Álvaro María Nadal Belda is a Spanish economist and politician. He has been a member of the Congress of Deputies since 2008. He was appointed Minister of Energy, Tourism and Digital Agenda on 4 November 2016. He left office on 7 June 2018 after the Government that he was part of lost the support of the Congress.

He has a twin brother named Alberto Nadal Belda who was Secretary of State of Budgets and Expenditures since 2016 to 2018.

Biography
Álvaro María Nadal Belda born in Madrid on 30 January 1970. He holds a degree in law, Economics and Business.
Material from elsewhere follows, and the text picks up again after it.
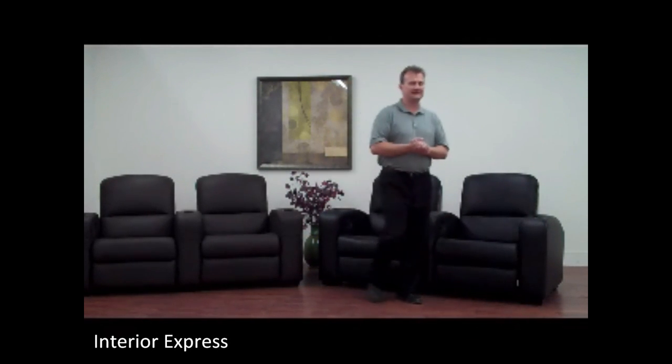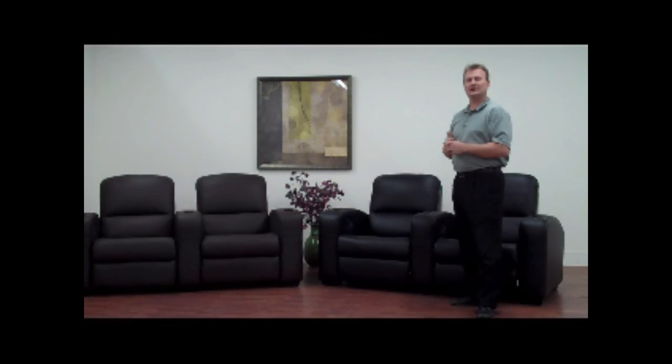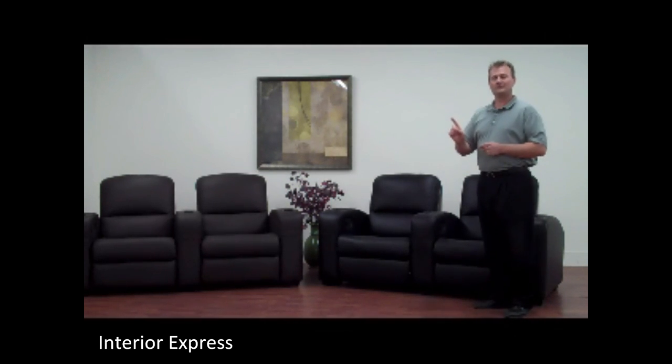This is our Khmer Home Theater Seat. Our Khmer Home Theater Seating Collection was built with easy installation and comfort in mind. The Khmer Home Theater Seat is delivered one box per seat.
He is a Commercial Technician and State Economist and he passed a Doctorate courses at Harvard University. He also held different administrative positions in the ministries of Economy, the Treasury and Industry.

Since 2004 is Secretary of Economy of the Popular Party and since 2011, Director-General of the Economic Office of the President of the Government. In 2008 he was elected Deputy of the Congress of Deputies.

In 2016, PM Mariano Rajoy appointed him as his new Minister of Energy, Tourism and Digital Agenda until 2018.

He speaks fluently English, French and German.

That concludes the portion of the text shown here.